Overall average asking rents for retail space in Manhattan fell 9 percent to $117 a square foot from fall 2008 to fall 2009, the report said.
The biggest hit was in the 34th Street-Herald Square area, between Fifth and Seventh avenues, one of the city’s busiest commercial zones, which dropped 35 percent to $421 a square foot. Asking rents in the Financial District on Broadway, between Battery Park and Chambers Street, declined 25 percent to $189, followed by 24 percent decreases on East 86th Street, between Lexington and Second Avenues, to $363, and on Columbus Avenue, between 66th and 79th Streets, to $229.
On the upside, asking rents on Fifth Avenue, between 49th and 59th Streets, home to Bergdorf Goodman, Tiffany & Co., Giorgio Armani, Louis Vuitton and other luxury retailers, rose 46 percent to $2,050 a square foot. Meatpacking District rents increased 23 percent to $375; SoHo gained 12 percent to $483, and asking rents in the Times Square area, on Broadway and Seventh Avenue, between 42nd and 47th Streets, increased 6 percent to $821.
“The global economy continues to have an impact on asking rents for retail space this fall,” said Steven Spinola, president of REBNY, who added stores that had been “priced out of the market now have an entry point for the first time in years.”
Despite overall declines, Spinola cited evidence of “solid activity” in the market.
In the Herald Square area, for example, this year has seen the openings of J.C. Penney’s first Manhattan flagship, as well as Aéropostale’s first street-front flagship in the city, along with Geox and soon, Esprit.
Tommy Hilfiger launched a flagship at Fifth Avenue and 54th Street in September, and Giorgio Armani opened a flagship at Fifth Avenue and 56th Street in March. However, Fifth Avenue also has stores of 10,000 square feet and up that are empty, including spaces formerly occupied by Brooks Brothers, the Disney Store and Escada. Topshop and Uniqlo were said to have interest in the vacant locations.

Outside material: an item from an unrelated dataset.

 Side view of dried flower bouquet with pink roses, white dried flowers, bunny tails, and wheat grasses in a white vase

“In some areas, the market is so traumatized by upheaval, no one knows what the right thing is to do with rents,” said Michael Slattery, senior vice president of REBNY. “Some have decided not to do anything and just watch. There’s no standard way of behaving anymore.”

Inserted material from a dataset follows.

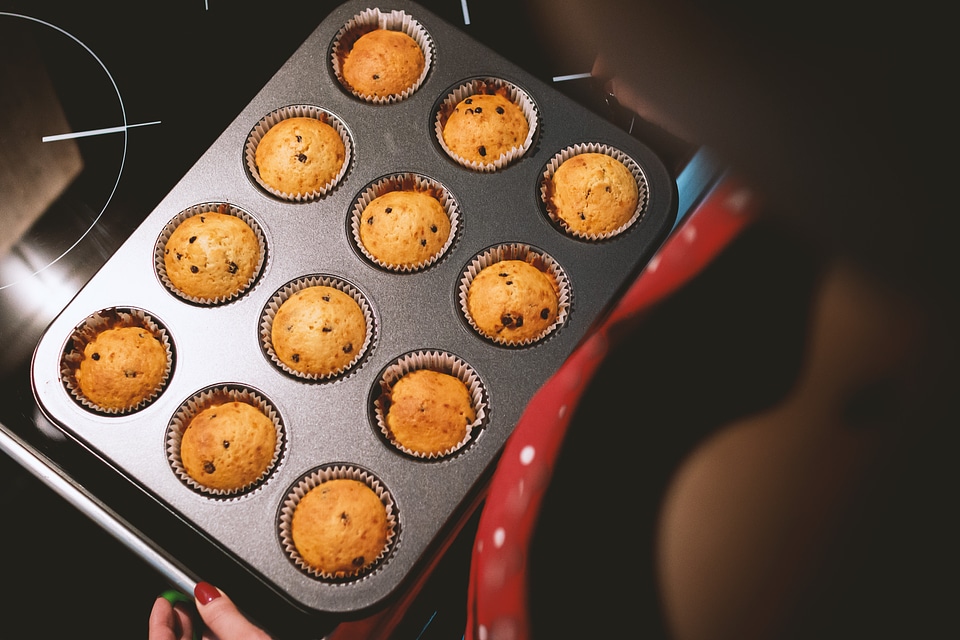 Baking pan with fresh muffins and young girl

Some landlords are offering limited free rent periods and other concessions, such as an allowance of $20 a square foot toward improvements. “The market is softer,” Slattery said.
“Some spaces on 34th Street have been for rent for a while,” said Michael Hoffman, senior managing director of real estate consultancy Colliers ABR. “If the landlord has no debt on the building and can do a deal, they do a deal. While some folks haven’t changed asking prices, brokers are saying the whisper in their ear is substantially less.”
The average discount from asking to actual rents in Manhattan can reach as high as 10 to 12 percent.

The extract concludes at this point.